Wonder what the poor people are eating tonight?


----------



## LarryWolfe (May 13, 2007)

Wow what a meal Cappy!


----------



## ScottyDaQ (May 13, 2007)

Oh Hellllzzzz yeah!


----------



## wittdog (May 13, 2007)

Oh yeah cappy...very nice...loves me some burgers.


----------



## Griff (May 13, 2007)

Good job Cap'n. It's hard to beat surf and turf.


----------



## Bill The Grill Guy (May 13, 2007)

Now DATZ what you call a burger.  Bravo Cappy.


----------



## 007bond-jb (May 13, 2007)

Is non turkey burgers like non union? I vote no, I'm pro union


----------



## Captain Morgan (May 13, 2007)

Join the Pro-Burger Party.  The benefits are outstanding.


----------



## SteerCrazy (May 13, 2007)

great lookin NON TURKEY burger, Id eat that


----------



## bigwheel (May 13, 2007)

Looks good Cap'n. Now hard to believe Alton Brown running around telling folks to put mayo on burgers.  Everybody knows burgers require mustard.  Back in the good old days anybody order a burger with mayo at a restaurant the waitress would yell at the cook "Gimme a sissy burger." Now who could eat anything called a sissy burger?  Guess old Alton must be a yankee of some sort. 

bigwheel


----------



## Captain Morgan (May 13, 2007)

mustard would probably do the trick on the bottom bun too..
both are mostly oil and will prevent the bun from getting
soggy.  I put mayo on the bottom, mustard and ketchup
on the top of the toppings.

I didn't have any slaw, but I did, I'd put that on the bottom
bun...the mayo in the slaw might hold the juices.  I'll try that
next time I do a slaw burger.


----------



## Puff1 (May 13, 2007)

Carmelized Vidailas there Cap?
Lookin' good.
I'm disapointed about the (no have slaw) thing. But I'll get over it


----------



## Captain Morgan (May 13, 2007)

yep the vids are here and I'm eating as much as I can.
slow cook em with butter, douse with Franks...it's like
eating candy


----------



## Pigs On The Wing BBQ (May 13, 2007)

I just drooled on my key board :!:


----------



## bigwheel (May 13, 2007)

Well guess I have to skip the slaw burger.

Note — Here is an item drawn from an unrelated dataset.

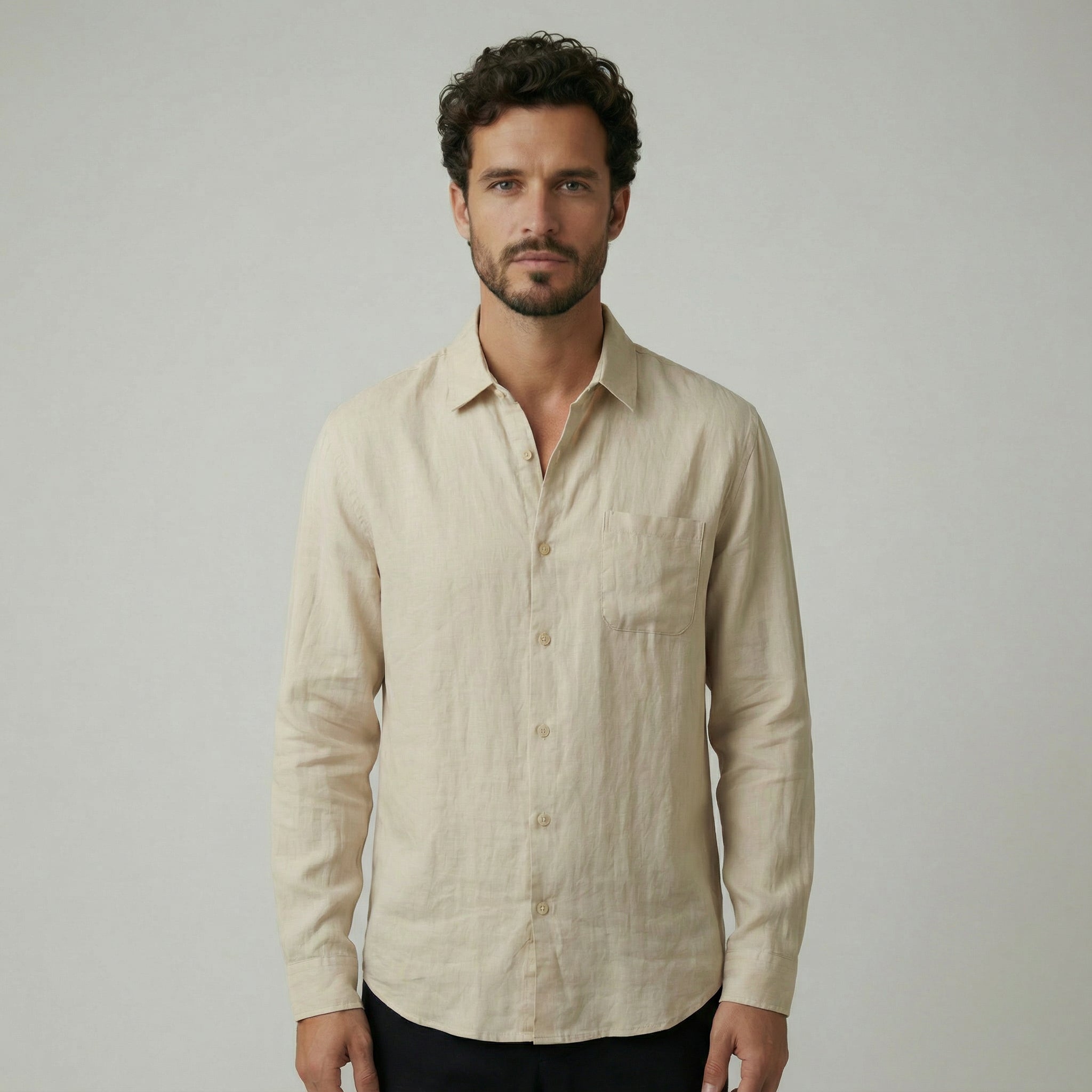 Cape Town Linen Shirt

I let some Arkies talk me into putting coleslaw on a chili dawg one time...gag heave sputter that give it a real nasty flavor.  Could imagine how bad it mess up a good burger  As far as the dressing for the burgers...old fireman who run the pool hall in Whiskeyta Falls made the best I ever eat.  He always used mayo..mixed with a little tobasco and a light daub of ketchup.  Dang that stuff make them burgers walk and talk.  Also good on any kind of sandwiches which contain the body parts of deceased poo poo eating barnyard avians. 

bigwheel


----------



## Captain Morgan (May 13, 2007)

sounds like McDonalds special sauce...

boy, are you forgettin yore roots?  Slaw and mayo ran
through some of your ancestors veins...with vinegar of course.


----------



## Nick Prochilo (May 13, 2007)

Nice burgers Cappy! Sometimes I use mayo, sometimes I don't. Sometimes I use mustard, sometimes I don't. It all depends on the mood I'm in.


----------



## 007bond-jb (May 13, 2007)

I like cajun mustard by it self & again by it self catchup, mayo, some times a combo like Mariners grill in Hammond La. sauted mushrooms, REAL cheese, raw onions, lettus, mator, pickels bacon on a 1/2lb burger wit no other stuff sept a few pops prior too


----------



## Puff1 (May 13, 2007)

Captain Morgan said:
			
		

> yep the vids are here and I'm eating as much as I can.
> slow cook em with butter, douse with Franks...it's like
> eating candy


Frank's huh?
Done!


----------



## Cliff H. (May 13, 2007)

That was one fine looking meal Cappy.


----------



## john a (May 14, 2007)

Man, I love a good burger, those look like the best.


----------



## john pen (May 14, 2007)

Looks good cappy...You said real fried shrimp...as opposed to ?


----------



## Captain Morgan (May 14, 2007)

frozen breaded stuff.


----------



## john pen (May 14, 2007)

Captain Morgan said:
			
		

> sounds like McDonalds special sauce...
> 
> boy, are you forgettin yore roots?  Slaw and mayo ran
> through some of your ancestors veins...with vinegar of course.



"We'll have a slawburger, fries and a bottle of Ski..."


----------



## john pen (May 14, 2007)

I was so inspired by this thread, I had to fire up the grill..this was breakfast..





some bacon, lettice, tomato, a slab of vadilia onion, mayo, ketchup and hot pepper relish on a toasted roll (with real beef). Some leftover mac salad and anchovie stuffed cherry peppers on the side..wash it all down with a little Carona..


----------



## wittdog (May 14, 2007)

john pen said:
			
		

> I was so inspired by this thread, I had to fire up the grill..this was breakfast..
> 
> 
> 
> ...


Looks good John must have been a good group of kids you confiscated the Corona from...


----------